Fix: Migrate to bcrypt immediately. Transparently upgrade the hash algorithm
     on the user's next login.

Autional includes the algorithm identifier in the password hash output (bcrypt’s $2a$12$ prefix), making it possible to auto-detect old hash formats during login and transparently upgrade them.

Mistake 2: Rolling Your Own Password Hash

"We'll SHA-256-iterate 1000 times with a fixed salt. That should work, right?"

Consequence: Cryptographers spent decades designing secure password hash functions.
      bcrypt has resisted 20 years of attacks. argon2id won the Password Hashing
      Competition. Any home-grown scheme has a near-100% failure probability.

Fix: Always use peer-reviewed standard implementations. Never invent your own.

Mistake 3: Encryption Without Authentication

Consequence: Using AES-CBC without a MAC
      → Attackers can manipulate ciphertext to control decrypted plaintext
        (Padding Oracle Attack)
      → ASP.NET's 2010 Padding Oracle vulnerability led to remote code execution

Fix: Use authenticated encryption (AES-256-GCM or AES-256-CBC + HMAC-SHA256)

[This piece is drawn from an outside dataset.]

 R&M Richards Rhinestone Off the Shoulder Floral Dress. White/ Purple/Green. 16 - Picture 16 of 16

Autional uniformly uses AES-256-GCM and has never used an unauthenticated encryption mode.

Mistake 4: Using Debug Keys in Production

if os.Getenv("ENV") == "production" {
    key = os.Getenv("ENCRYPTION_KEY")
} else {
    key = "00000000000000000000000000000000"  // 32 zeros
}

Consequence: A deployment config error, env var not properly set
      → System falls back to DEBUG key
      → All PII data is effectively "encrypted" with a public key
      → Equivalent to plaintext storage

Fix: Autional KMS integration ensures the service fails to start (panics)
     when the key is unavailable, rather than falling back to an insecure mode.

Summary

Cryptography in identity systems isn’t an optional “extra layer of security” — it’s fundamental to the architecture. Bad cryptographic practices don’t just lower the security level; they completely eliminate it while giving your users a false sense of safety.

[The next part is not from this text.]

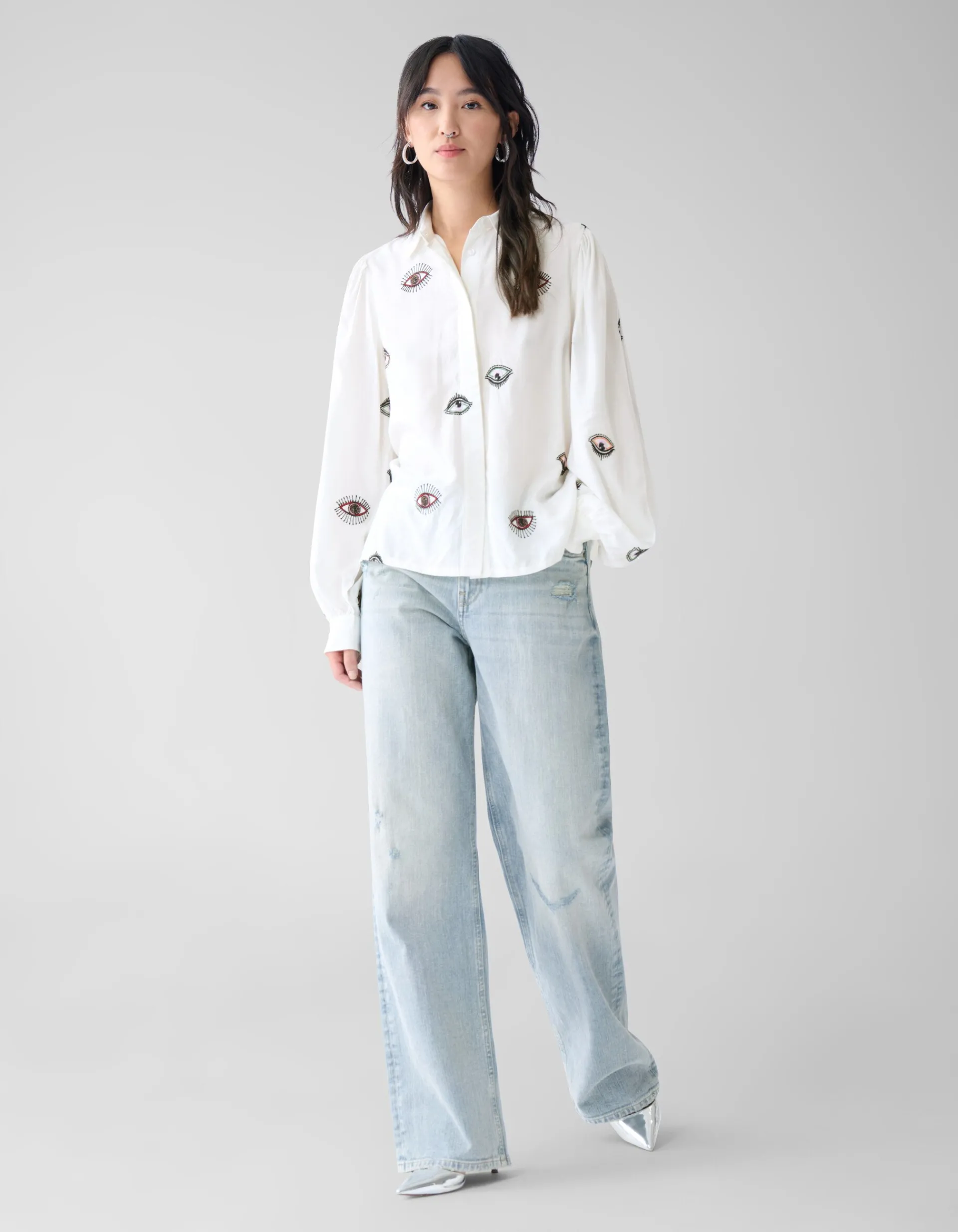 Shoeby Eye Embroidery Blouse Wit By Fred<DAMES Blouses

Autional ships with security-reviewed cryptographic schemes: bcrypt password hashing, SHA-256 API Key verification, AES-256-GCM field-level encryption, and KMS-integrated key management. For applications that integrate with Autional, these security practices are the default — no deep understanding required from the developer.

But if you’re building your own identity system, take every practice in this article seriously. Your users entrust their most private information to your system. Don’t let them down.